Question

I have a class that I need to binary serialize. The class contains one field as below:

private T[,] m_data;

These multi-dimensional arrays can be fairly large (hundreds of thousands of elements) and of any primitive type. When I tried standard .net serialization on an object the file written to disk was large and I think .net is storing a lot of repeated data about element types and possibly not as efficiently as could be done.

I have looked around for custom serializers but have not seen any that deal with multi-dimensional generic arrays. I have also experimented with built-in .net compression on a byte array of the memory stream following serializing with some success, but not as quick / compressed as I had hoped.

My question is, should I try and write a custom serializer to optimally serialize this array for the appropriate type (this seems a little daunting), or should I use standard .net serialization and add compression?

Any advice on the best approach would be most appreciated, or links to resources showing how to tackle serialization of a multi-dimensional generic array - as mentioned existing examples I have found do not support such structures.

Was it helpful?

Solution

Here's what I came up with. The code below makes an int[1000][10000] and writes it out using the BinaryFormatter to 2 files - one zipped and one not.

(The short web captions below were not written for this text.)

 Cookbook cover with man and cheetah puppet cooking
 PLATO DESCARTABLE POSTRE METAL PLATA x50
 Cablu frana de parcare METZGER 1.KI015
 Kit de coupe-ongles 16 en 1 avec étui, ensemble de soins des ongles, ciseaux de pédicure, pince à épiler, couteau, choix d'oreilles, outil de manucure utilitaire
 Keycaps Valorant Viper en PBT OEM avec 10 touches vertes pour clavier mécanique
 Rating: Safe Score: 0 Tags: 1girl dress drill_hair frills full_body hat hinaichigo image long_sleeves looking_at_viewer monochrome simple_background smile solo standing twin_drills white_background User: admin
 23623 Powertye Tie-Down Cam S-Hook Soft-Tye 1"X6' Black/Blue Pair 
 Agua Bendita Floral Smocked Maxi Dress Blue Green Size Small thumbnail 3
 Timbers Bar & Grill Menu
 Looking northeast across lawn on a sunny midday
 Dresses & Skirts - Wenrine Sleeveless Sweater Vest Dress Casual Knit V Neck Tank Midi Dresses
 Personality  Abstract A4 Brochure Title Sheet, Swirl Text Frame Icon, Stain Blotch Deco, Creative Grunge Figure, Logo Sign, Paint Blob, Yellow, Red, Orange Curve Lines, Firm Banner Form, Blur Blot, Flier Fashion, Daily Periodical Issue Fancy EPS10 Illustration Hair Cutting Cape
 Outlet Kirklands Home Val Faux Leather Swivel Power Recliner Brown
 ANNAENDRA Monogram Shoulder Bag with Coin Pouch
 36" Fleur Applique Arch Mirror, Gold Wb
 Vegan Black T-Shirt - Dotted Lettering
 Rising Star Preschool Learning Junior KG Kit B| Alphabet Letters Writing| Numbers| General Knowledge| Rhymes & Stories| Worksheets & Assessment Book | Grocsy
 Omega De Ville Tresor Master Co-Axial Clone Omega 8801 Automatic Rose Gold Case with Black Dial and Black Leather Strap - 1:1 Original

The zipped file is 1.19 MB (1,255,339 bytes) Unzipped is 38.2 MB (40,150,034 bytes)

        int width = 1000;
        int height = 10000;
        List<int[]> list = new List<int[]>();
        for (int i = 0; i < height; i++)
        {
            list.Add(Enumerable.Range(0, width).ToArray());
        }
        int[][] bazillionInts = list.ToArray();
        using (FileStream fsZ = new FileStream("c:\\temp_zipped.txt", FileMode.Create))
        using (FileStream fs = new FileStream("c:\\temp_notZipped.txt", FileMode.Create))
        using (GZipStream gz = new GZipStream(fsZ, CompressionMode.Compress))
        {
            BinaryFormatter f = new BinaryFormatter();
            f.Serialize(gz, bazillionInts);
            f.Serialize(fs, bazillionInts);
        }

I can't think of a better/easy way to do this. The zipped version is pretty damn tight.

I'd go with the BinaryFormatter + GZipStream. Making something custom would not be fun at all.


[edit by MG] I hope you won't be offended by an edit, but the uniform repeated Range(0,width) is skewing things vastly; change to:

        int width = 1000;
        int height = 10000;
        Random rand = new Random(123456);
        int[,] bazillionInts = new int[width, height];
        for(int i = 0 ; i < width;i++)
            for (int j = 0; j < height; j++)
            {
                bazillionInts[i, j] = rand.Next(50000);
            }

And try it; you'll see temp_notZipped.txt at 40MB, temp_zipped.txt at 62MB. Not so appealing...

OTHER TIPS

The best code length/output size ratio would be to encode your array using BitConverter, converting all elements into their compact binary format. It's manual, I know, but will save 80-90% space compared to .NET binary serialization.

Can you define "large"? The 1000x10000xint example (another post) comes out at 40Mb; and 1000x10000x4 bytes (=int) is 38MB. As overheads go, that isn't terrible.

What sort of data is T likely to be? Just primatives? I'm thinking that I could probably edit protobuf-net to support rectangular arrays* - but to keep some kind of wire-compatibility we'd probably need a header (one byte) per element - i.e. 9MB of overhead for the 1000x10000 example.

This probably isn't worth it for things like float, double, etc (since they are stored verbatim under "protocol buffers") - but there may be savings for things like int simply due to how it packs ints... (especially if they tend to be on the smaller side [magnitude]). Finally, if T is actually objects like Person etc, then it should be a lot better than binary serialization, since it is very good at packing objects.

It wouldn't be trivial to shoe-horn in rectangular arrays, but let me know if this is something you'd be interested in trying.

*: it doesn't at the moment since the "protocol buffers" spec doesn't support them, but we can hack around that...

The reason there needs to be so much data about the types is that your array of T could be any type, but more specifically, T could be of type SomeBaseClass, and you could still store SomeDerivedClass in that array, and the deserializer would need to know this.

But this redundant data makes it a good candidate for compression, as others have noted.